◆ **To do**: Everything in the records below goes into the copy exactly, except the pictures.

◆ **Records to process**:
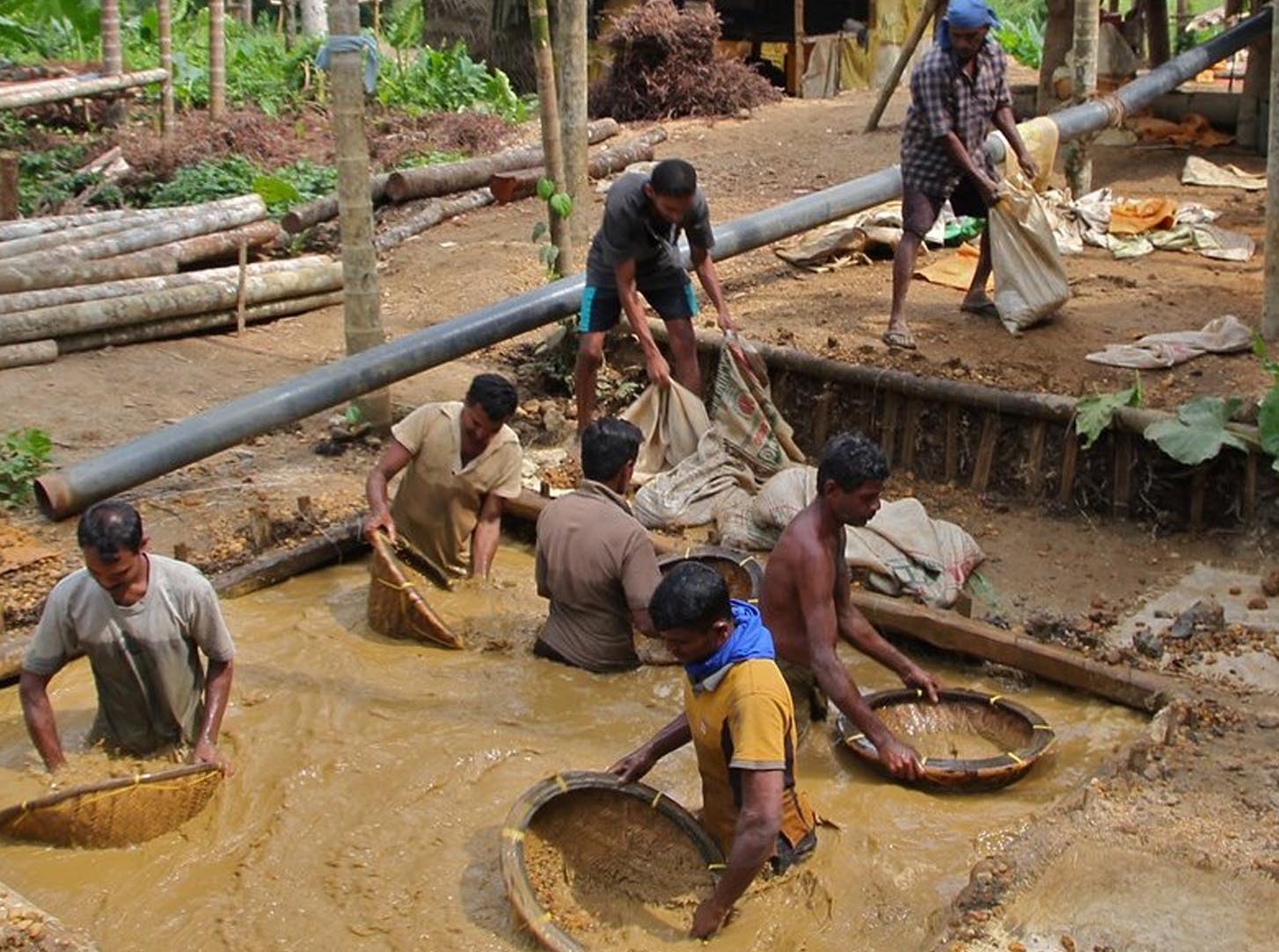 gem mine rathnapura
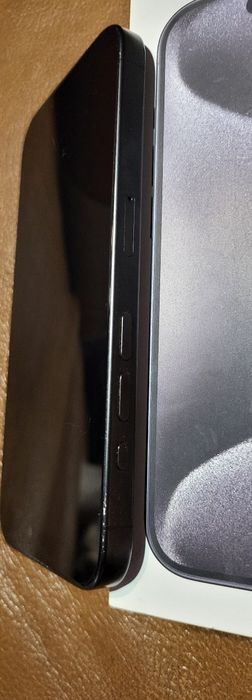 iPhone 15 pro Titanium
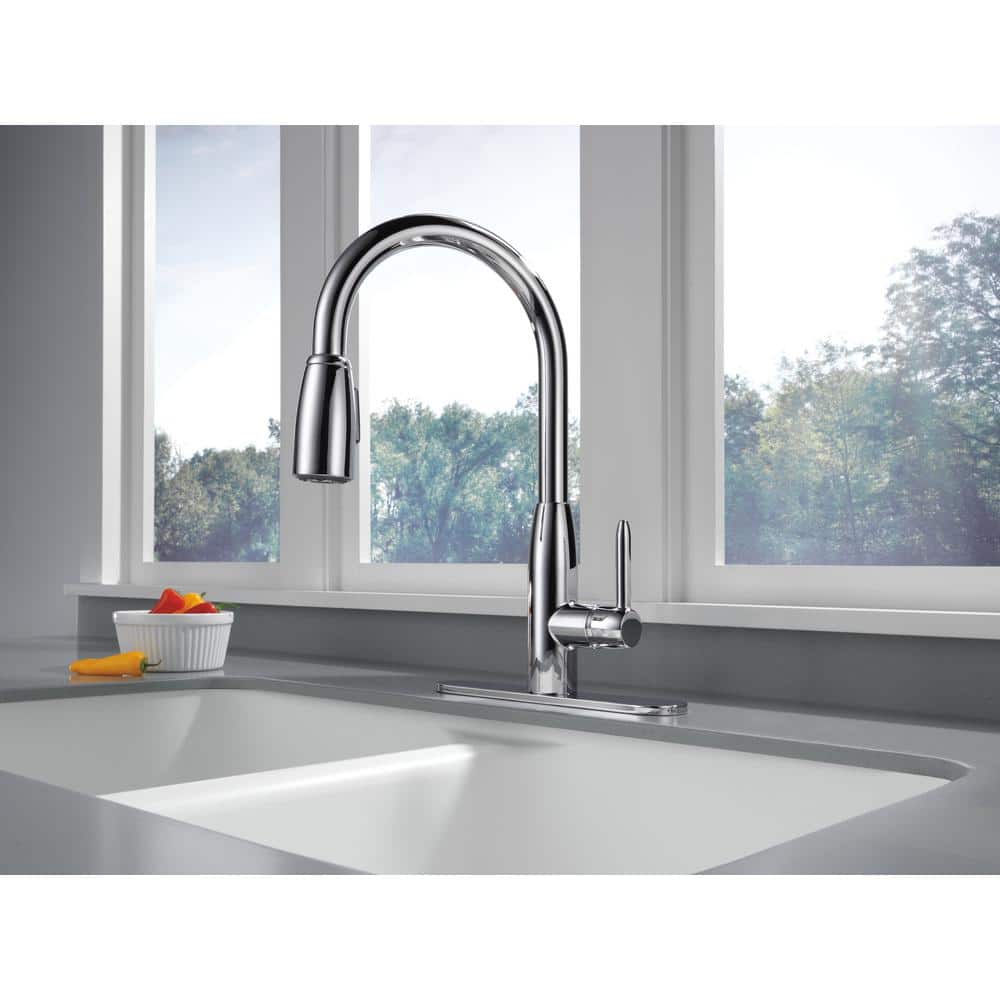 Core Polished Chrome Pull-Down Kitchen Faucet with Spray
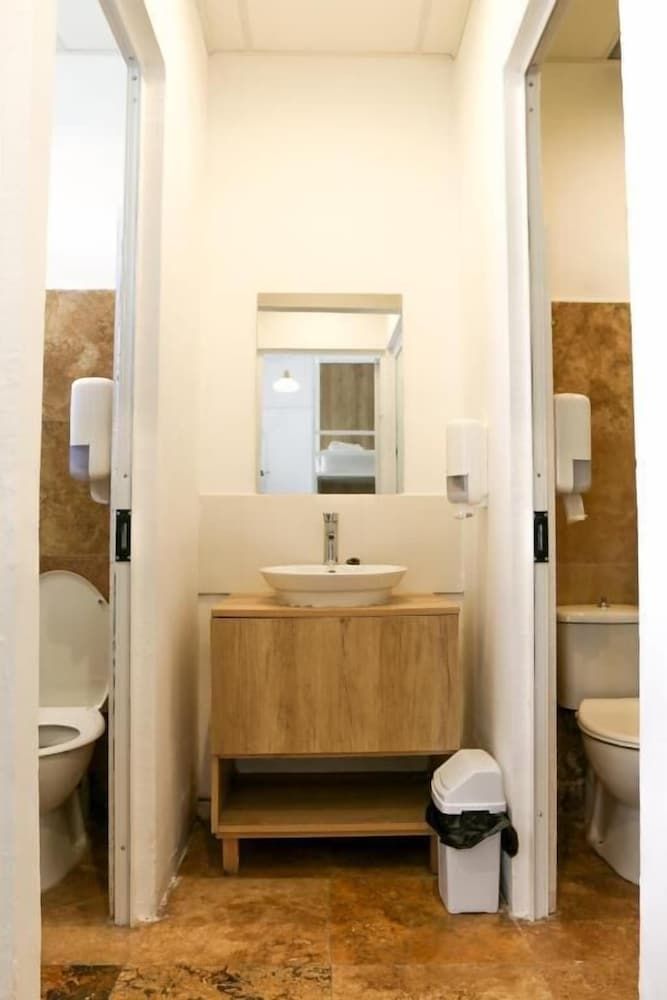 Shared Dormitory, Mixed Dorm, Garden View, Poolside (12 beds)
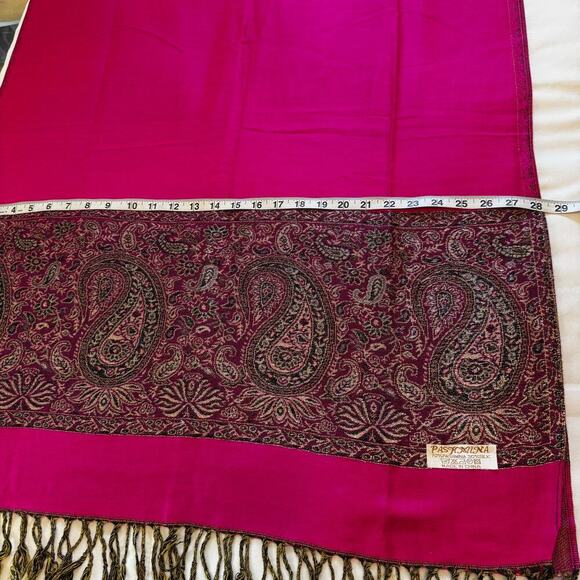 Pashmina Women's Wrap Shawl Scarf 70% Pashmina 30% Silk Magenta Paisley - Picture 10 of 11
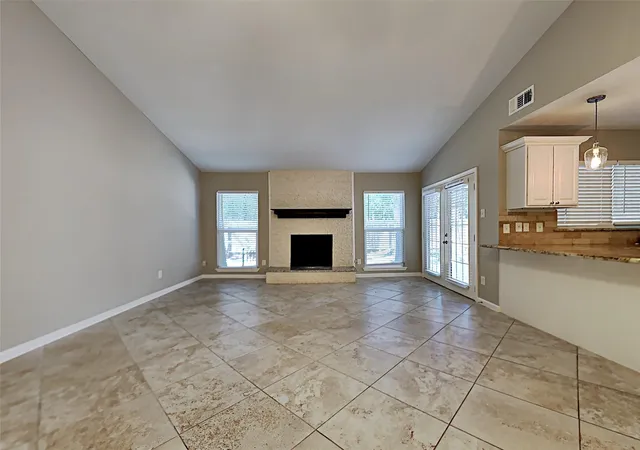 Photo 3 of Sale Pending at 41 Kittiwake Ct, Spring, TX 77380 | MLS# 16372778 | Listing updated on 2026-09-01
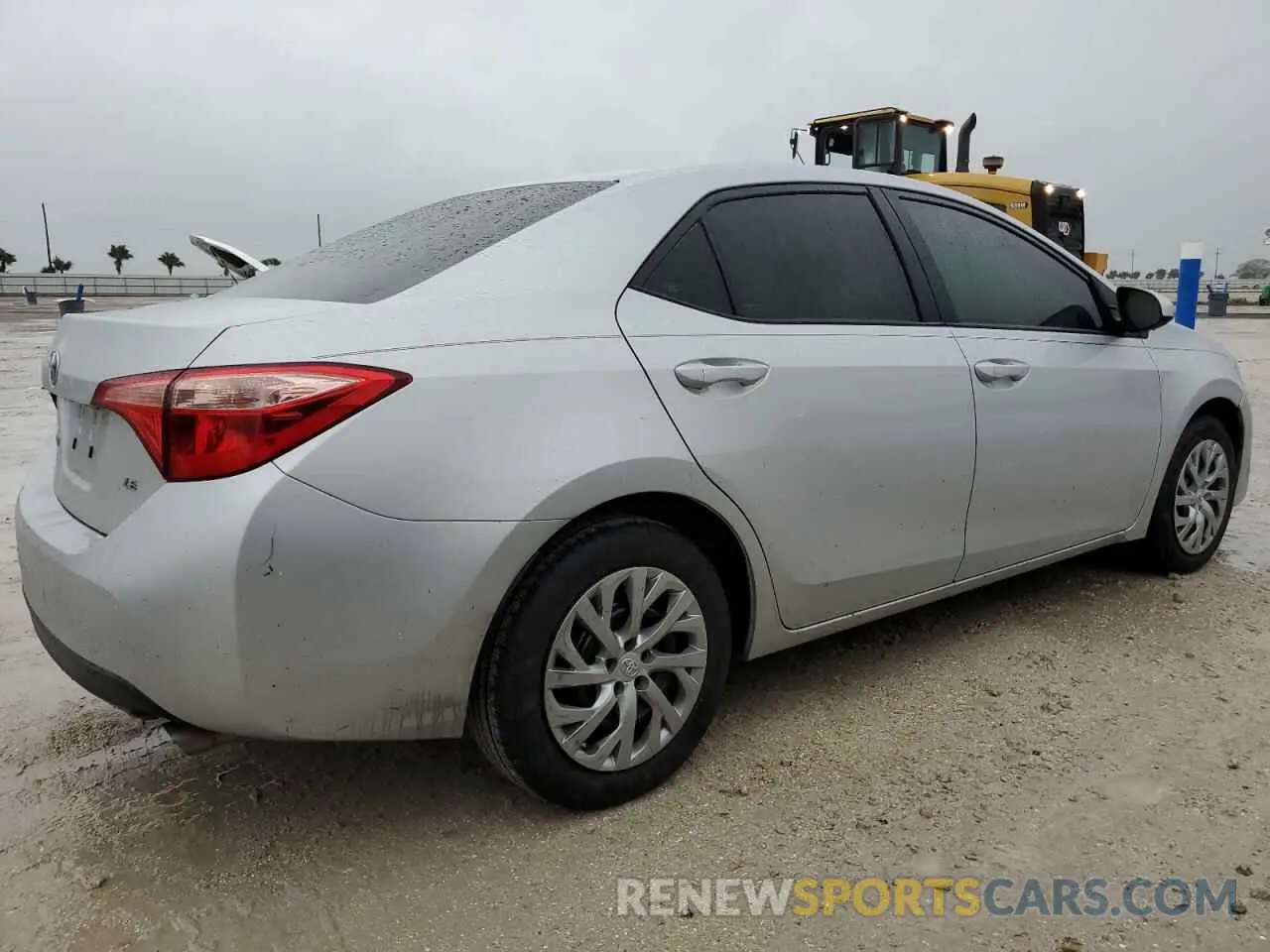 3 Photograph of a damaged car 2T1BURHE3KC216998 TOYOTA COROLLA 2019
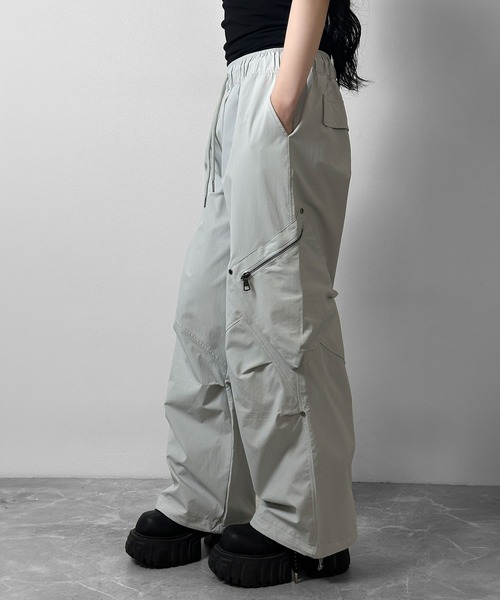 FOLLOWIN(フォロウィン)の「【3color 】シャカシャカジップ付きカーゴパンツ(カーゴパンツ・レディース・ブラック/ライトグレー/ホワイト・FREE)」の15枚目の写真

◆ **Exercise response**:
 gem mine rathnapura
 iPhone 15 pro Titanium
 Core Polished Chrome Pull-Down Kitchen Faucet with Spray
 Shared Dormitory, Mixed Dorm, Garden View, Poolside (12 beds)
 Pashmina Women's Wrap Shawl Scarf 70% Pashmina 30% Silk Magenta Paisley - Picture 10 of 11
 Photo 3 of Sale Pending at 41 Kittiwake Ct, Spring, TX 77380 | MLS# 16372778 | Listing updated on 2026-09-01
 3 Photograph of a damaged car 2T1BURHE3KC216998 TOYOTA COROLLA 2019
 FOLLOWIN(フォロウィン)の「【3color 】シャカシャカジップ付きカーゴパンツ(カーゴパンツ・レディース・ブラック/ライトグレー/ホワイト・FREE)」の15枚目の写真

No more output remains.